25. Woche - Messier 16 und die „Säulen der Schöpfung“

Der Sommerhimmel bietet im Schützen zahlreiche helle Deep-Sky-Objekte. Messier 16 zählt mit dazu. Schon der Blick durch einen einfachen Feldstecher zeigt: Hier liegt ein offener Sternhaufen vor. Es ist NGC 6611, der 1745 bis 1746 von Philippe Loys de Chéseaux entdeckt wurde. Dieser Sternhaufen wird von einem diffusen Nebel umgeben. Charles Messier entdeckte ihn, das war aber erst 1764. Es gibt also – wenn man so will – zwei unabhängige Entdecker dieses Objekts.
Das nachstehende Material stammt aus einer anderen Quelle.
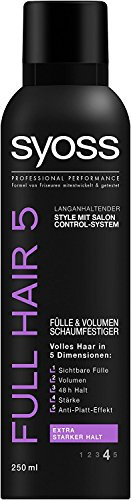 SYOSS Schaumfestiger Full Hair 5 - extra starker Halt - Stärke 4 - 250ml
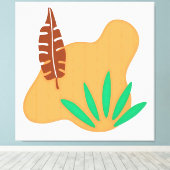 Tropisches Gleichgewicht - Abstrakte botanische Bl Leinwanddruck (Insitu (Holzboden))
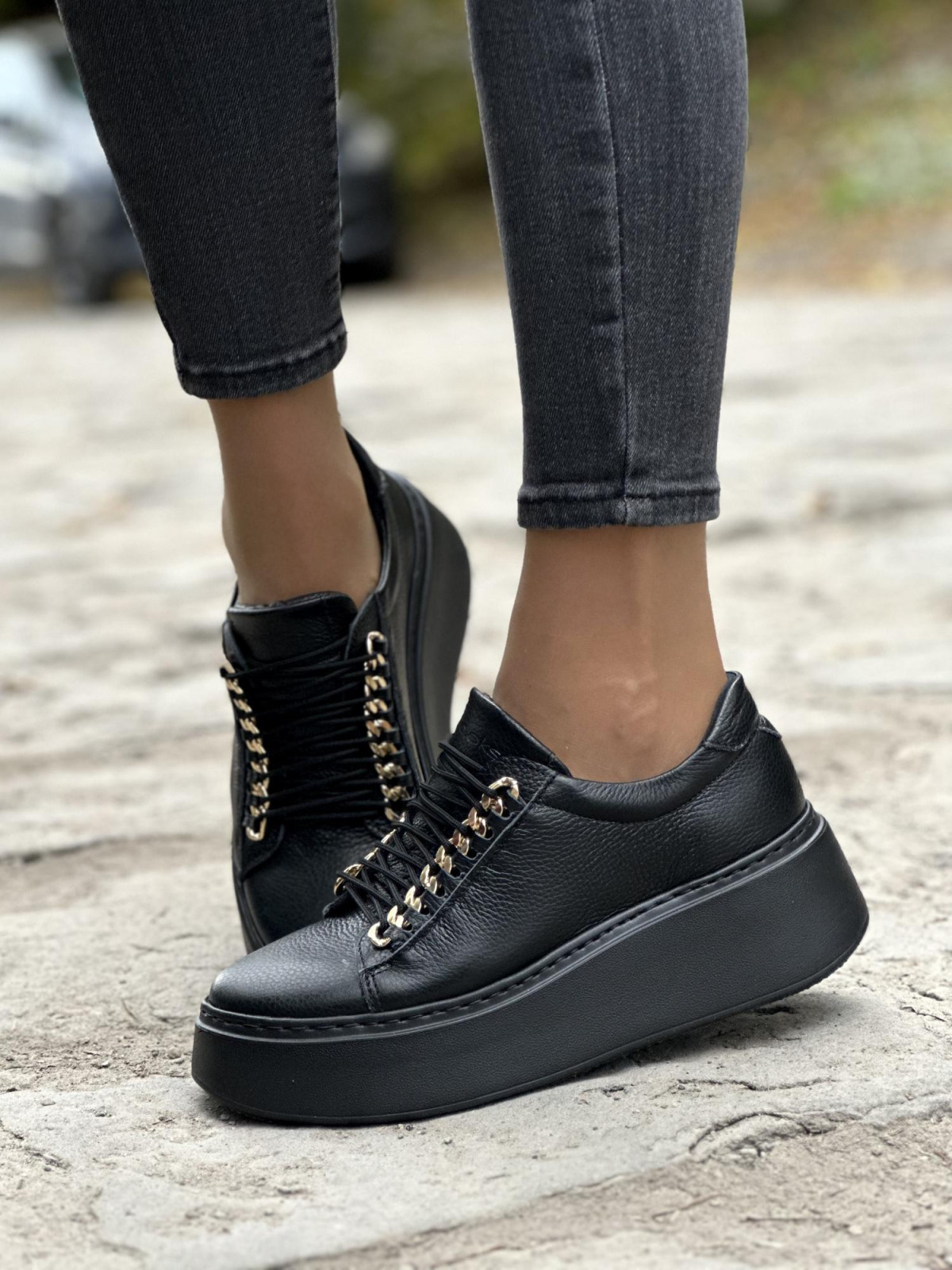 Eleganckie skórzane sneakersy OLEKSY Polskiej produkcji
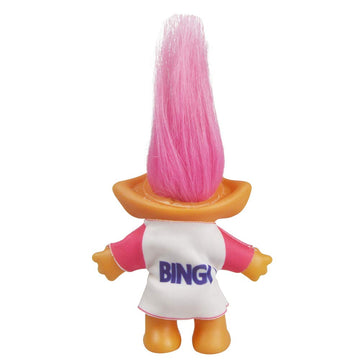 Vintage Troll Dolls, Lucky Doll Chromatic Adorable For Collections, School Project, Arts And Crafts, Party Favors - 7.5' Tall(Include The Length Of Hair) (Pink)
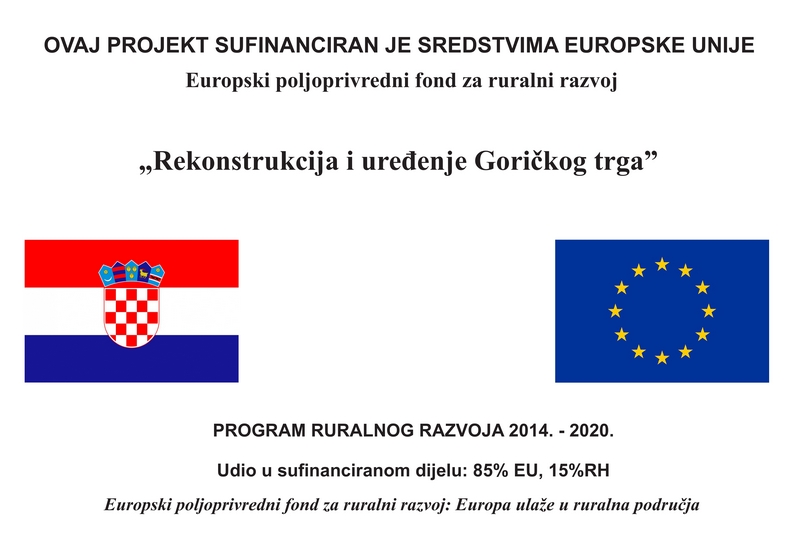 informativna ploca goricki trg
Das aktuelle AdW zeigt einen Ausschnitt aus dem südlichen Bereich von Messier 16. Die dort sichtbare Formation wird auch gern „Säulen der Schöpfung“ genannt, übernommen aus der blumigen amerikanischen Bezeichnung „pilars of creation“. Relativ bescheiden hört sich für M 16 der deutsche Name „Adlernebel“ an.
Um was handelt es sich eigentlich bei diesem Deep-Sky-Objekt? Um eine Sternentstehungsregion? Um eine Molekülwolke? Um eine H II-Region? Vielleicht um eine Infrarotquelle? Antwort: Alles das ist richtig. Der Nebel um NGC 6611 emittiert in allen möglichen diskreten Wellenlängen. Im sichtbaren Bereich wird im Wesentlichen das Balmerspektrum des ionisierten Wasserstoffs H II abgestrahlt. Daher stammt der eher nüchterne Name H II-Region. Das H II-Licht ist aber kein Rotlicht! Vielmehr ist es eine Summe verschiedener Spektrallinien und besteht aus den Linien Hα (rot, 656,3 nm Wellenlänge), Hβ (blau, 486,1 nm), Hγ (violett, 434,0 nm) und weiteren noch schwächeren Linien, die alle violett sind und im Ultraviolettbereich enden. Auch der zweifach ionisierte Sauerstoff [O III] besitzt im visuellen Spektrum der Gasnebel eine starke Emissionslinie, sogar eine blaugrüne verbotene Doppellinie bei 500,7 und 495,9 nm. Und selbst wenn es jetzt zum x-ten Male geschrieben wird: Die so genannten „verbotenen Linien“ der Gasnebel werden in eckigen Klammern geschrieben, daher [O III] und nicht O III, erst recht nicht O3. Viele Gasnebel emittieren auch das Licht des ionisierten Stickstoffs [N II]. Ja, richtig vermutet! Ebenfalls eine verbotene Doppellinie bei 654,8 und 658,4 nm. Sie fällt mit der Hα-Linie gemeinsam durch die üblichen Hα-Filter mit Halbwertbreiten über 5 nm. Viele Amateure kennen sie gar nicht, obwohl sie viel stärker als Hα sein kann! Weniger stark ist bei H II-Regionen die verbotene dunkelrote Doppellinie des Schwefels [S II] bei 671,6 und 673,1 nm. Supernovareste hingegen weisen stets starke Schwefelemissionen auf.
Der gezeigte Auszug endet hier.